A sign of serious sin should not be outsourced

Debates about the so-called cancel culture are also miserable because they often only leave the choice between two types of bad society.

A sign of serious sin should not be outsourced

Debates about the so-called cancel culture are also miserable because they often only leave the choice between two types of bad society. Either you end up in the camp of notorious eradicators who consider it unreasonable to be confronted with damnable things. Or you come across those who downplay the unbearable and simply want to let it be. This week, a commission of experts tried to avoid this binary constraint and presented recommendations for how to deal with the "Judensau" at the Wittenberg town church. But even these recommendations are not satisfactory.

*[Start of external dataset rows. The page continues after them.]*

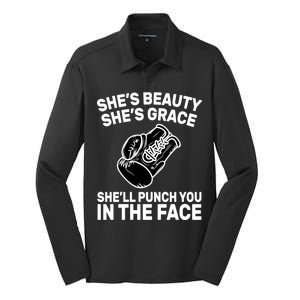 Powerful Women Silk Touch Performance Long Sleeve Polo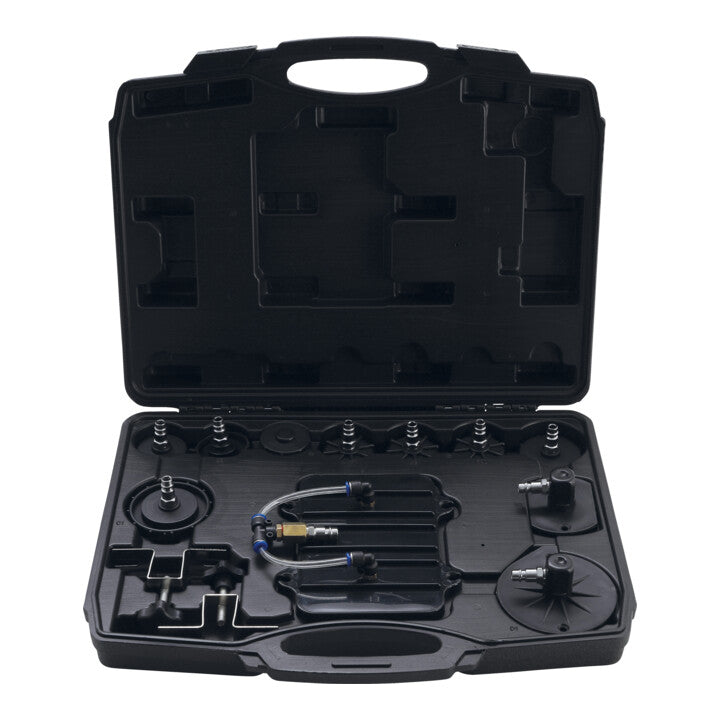 BGS Druckluft Bremsenentlüfter Werkzeugsatz Adapter Kupplung Flüssigkeit Set - 4026947097831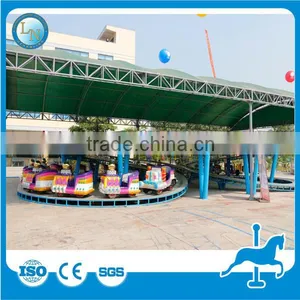 Discount! Outdoor Amusement 20 Seats Electric Mini Shuttle Track Train for Kids thumbnail-2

On the sacred building, which is visited by tens of thousands every year as Martin Luther's preaching church, there is a sandstone relief from around 1280 with a sow whose teats are being sucked by people who are supposed to represent Jews. A rabbi looks into the sow's anus. When the abusive work, which was initially located in the interior and of which there are still several in Europe today, was hung on the facade in 1570, it was given the inscription "Rabini Shem HaMphoras". This alludes to Luther's hateful diatribe On Shem Hamphoras and the Sex of Christ (1543), in which the aged and in some respects failed reformer propagated obscene anti-Judaism, paraphrasing God's name, which Jews cannot pronounce.

Because everything about the relief and the inscription is completely unacceptable, an appropriate handling of it has been sought for years. A warning plaque that was laid outside on the ground in front of the relief in 1988 is considered inadequate. In it, the joints of four slabs make the sign of the cross, and the surrounding text reads: "God's real name / the reviled Shem Ha Mphoras / whom the Jews held sacred before the Christians / almost unspeakably / died in six million Jews / under a sign of the cross." That is badly twisted, and since the sign of the cross is also a symbol of mourning - for example in Christian cemeteries - one has to ask what Jews are supposed to do with it. In addition, the Shoah is mentioned in the inscription, but not the Christian anti-Judaism responsible for the relief. A stele erected later next to the slab with an explanatory text cannot correct these errors.

However, the arrangement was legally accepted: After the municipal church council of the Stadtkirche had resisted all demands for the removal of the "Judensau" relief for years, the Federal Court of Justice ruled in June that it could remain hanging, since the floor slab and the explanatory text from it were a "memorial “ would have done. Of course, a judge's verdict does not yet create an appropriate memorial site. So the problem remains.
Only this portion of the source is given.